- Exercise directions -
What you should give back is a precise copy of the lines below from the one containing "Universal Service Fund" through the one containing "Pulsera ajustable de cuentas doradas", with no pictures.

═══ Given records

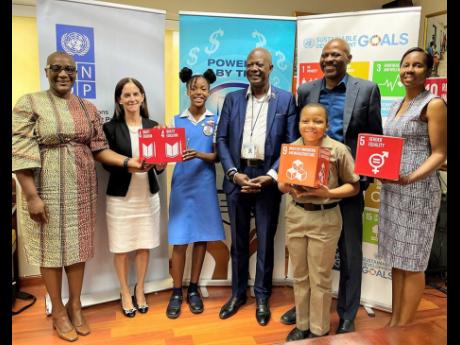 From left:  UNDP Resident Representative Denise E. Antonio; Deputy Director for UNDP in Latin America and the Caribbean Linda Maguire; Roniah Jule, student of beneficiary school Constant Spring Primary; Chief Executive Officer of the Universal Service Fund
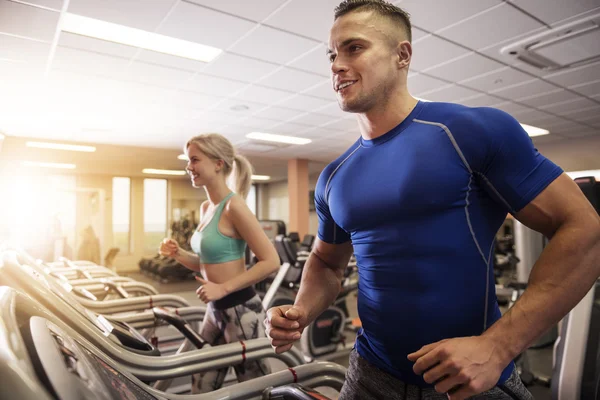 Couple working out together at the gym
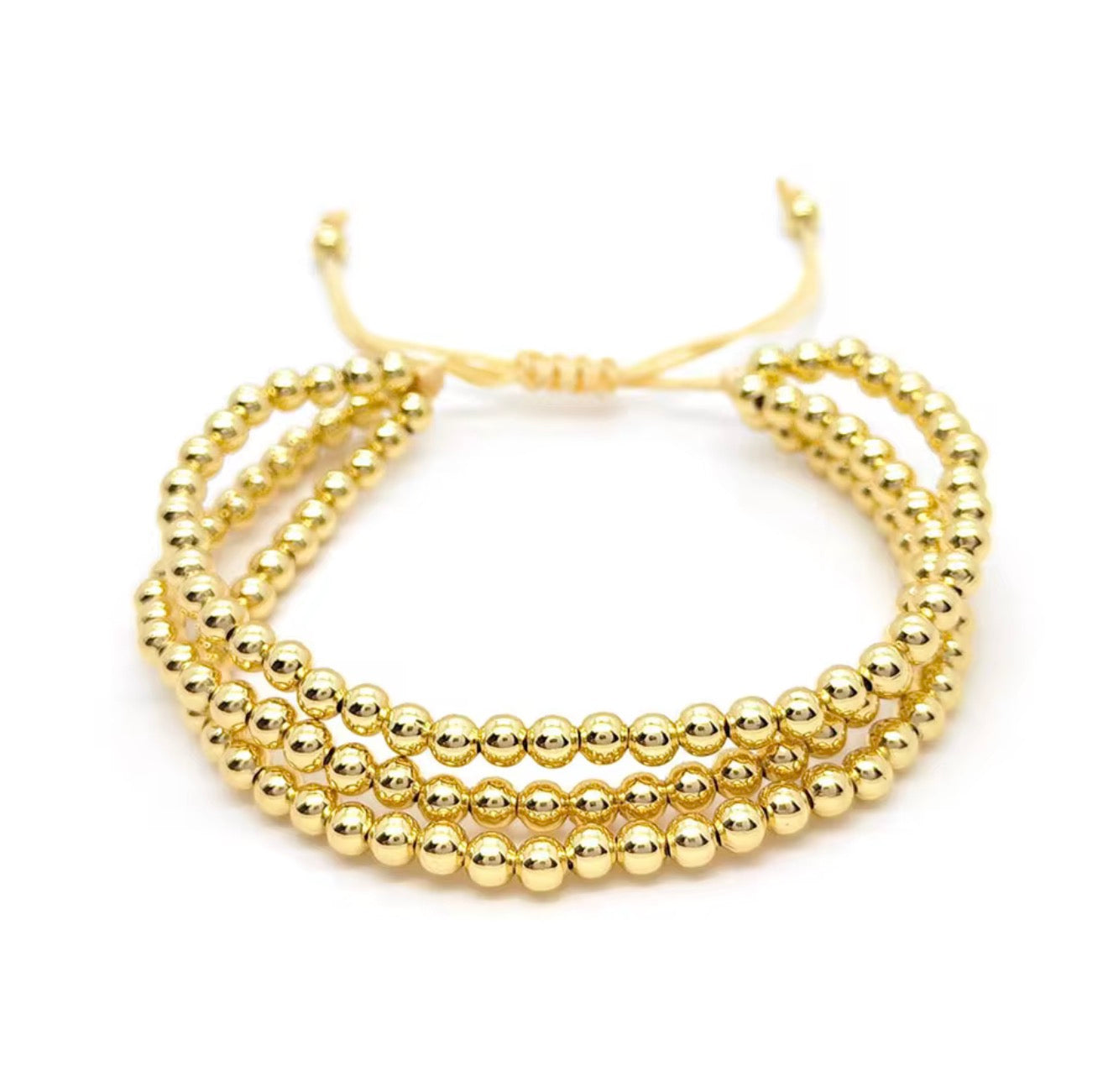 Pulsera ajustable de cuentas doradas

══════
═══ Given records

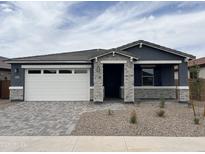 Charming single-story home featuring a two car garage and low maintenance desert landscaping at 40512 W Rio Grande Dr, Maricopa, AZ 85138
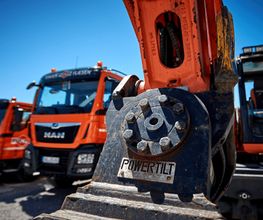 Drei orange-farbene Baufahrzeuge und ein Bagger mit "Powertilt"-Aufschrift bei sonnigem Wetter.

══════
═══ Given records

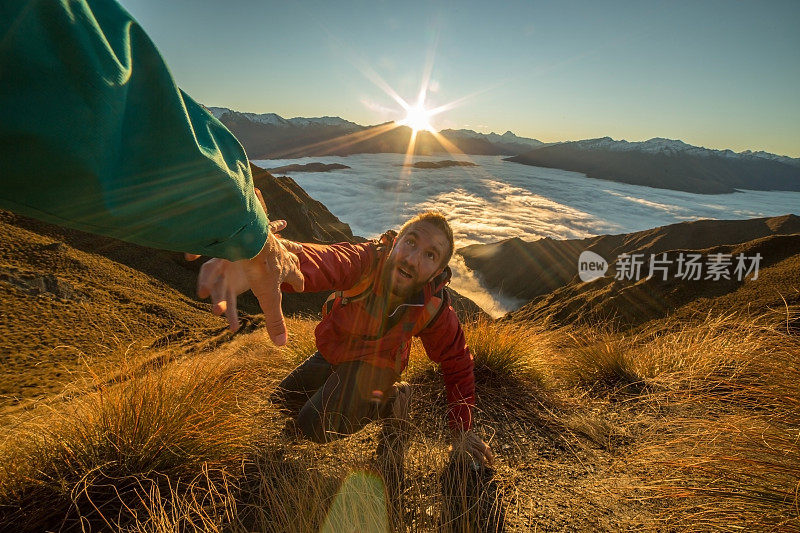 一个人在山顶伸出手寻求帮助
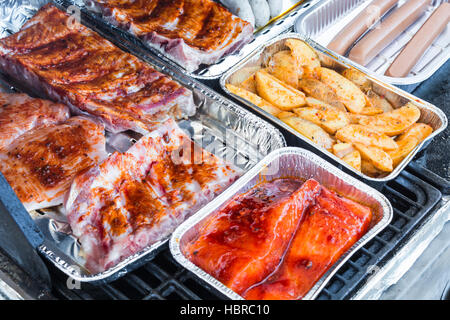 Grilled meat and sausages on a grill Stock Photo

══════

- Exercise solution -
 From left:  UNDP Resident Representative Denise E. Antonio; Deputy Director for UNDP in Latin America and the Caribbean Linda Maguire; Roniah Jule, student of beneficiary school Constant Spring Primary; Chief Executive Officer of the Universal Service Fund
 Couple working out together at the gym
 Pulsera ajustable de cuentas doradas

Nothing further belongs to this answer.